Python Programming for Data Science

By Tomas Beuzen 🚀

Welcome to Python Programming for Data Science! With this website I aim to provide an introduction to everything you need to know to start using Python for data science. We’ll cover topics such as data structures, basic programming, code testing and documentation, and using libraries like NumPy and Pandas for data exploration and analysis.

_images/logo.png

Hint

If you’re interested in learning more about Python packages, check out my and Tiffany Timber’s book Python Packages. Or, if you’d like to learn more about using Python and PyTorch for deep learning, you can check out my other online material Deep Learning with PyToch.

Attribution

The content of this site is adapted from material I used to teach the 2020/2021 offering of the course “DSCI 511 Python Programming for Data Science” for the University of British Columbia’s Master of Data Science Program. That material has built upon previous course material developed by Patrick Walls and Mike Gelbart.

Key Learning Outcomes

These are the key learning outcomes for this material:

  1. Translate fundamental programming concepts such as loops, conditionals, etc into Python code.

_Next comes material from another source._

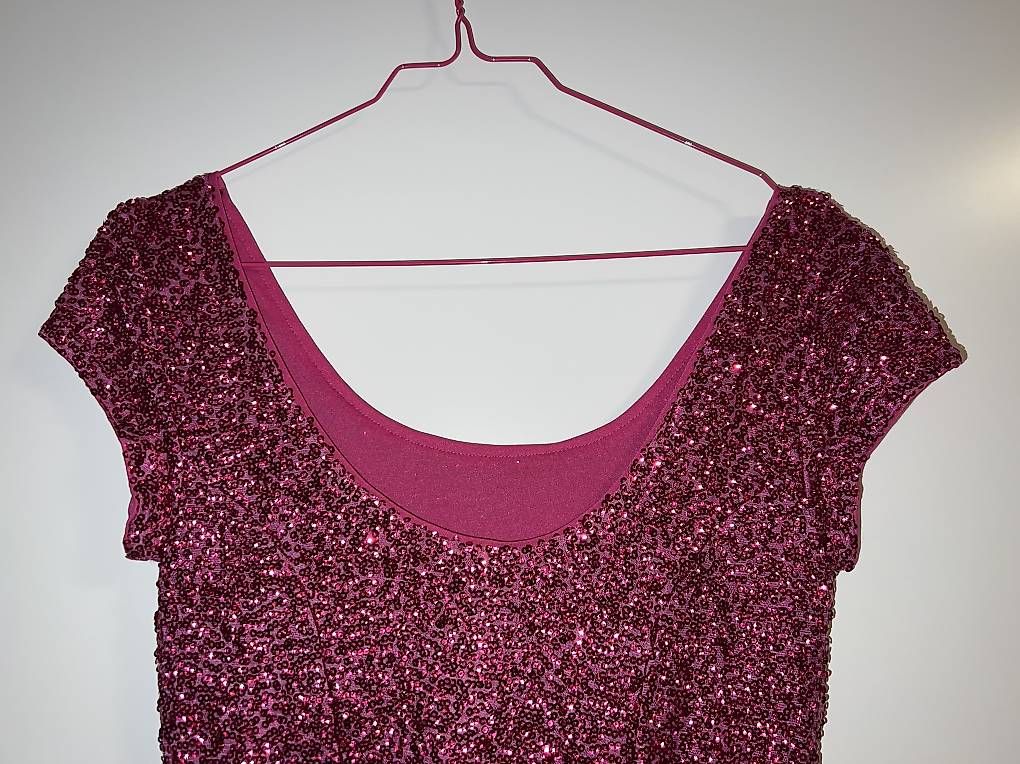 Kleider: Pinkes Paillettenkleid Gr. S – Gebraucht aus Sevelen von ale_v29l 2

  2. Understand the key data structures in Python.

  3. Understand how to write functions in Python and assess if they are correct via unit testing.

  4. Know when and how to abstract code (e.g., into functions, or classes) to make it more modular and robust.

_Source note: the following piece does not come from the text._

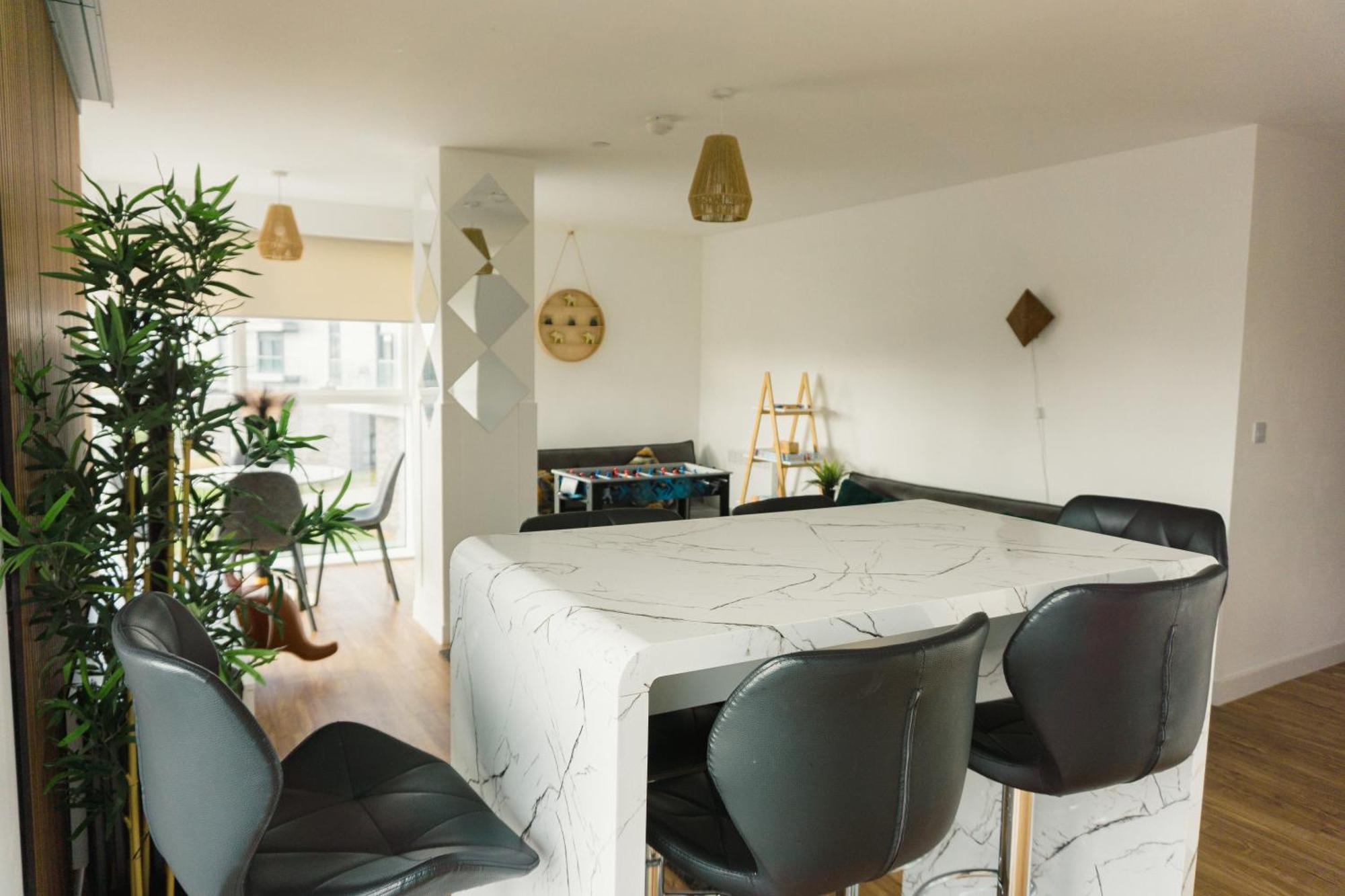 Manchester'S Luxurious 2-Bed Haven With Balcony - Canal Views & Proximity To Manchester United Extérieur photo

  5. Produce human-readable code that incorporates best practices of programming, documentation, and coding style.

  6. Use NumPy perform common data wrangling and computational tasks in Python.

  7. Use Pandas to create and manipulate data structures like Series and DataFrames.

  8. Wrangle different types of data in Pandas including numeric data, strings, and datetimes.

Getting Started

The material on this site is written in Jupyter notebooks and rendered using Jupyter Book to make it easily accessible. However, if you wish to run these notebooks on your local machine, you can do the following:

  1. Clone the GitHub repository:

    git clone https://github.com/TomasBeuzen/python-programming-for-data-science.git
    
  2. Install the conda environment by typing the following in your terminal:

    conda env create -f py4ds.yaml
    
  3. Open the course in JupyterLab by typing the following in your terminal:

    cd python-programming-for-data-science
    jupyterlab
    

Tip

If you’re not comfortable with git, GitHub or conda, feel free to just read through the material on this website - you’re not missing out on anything!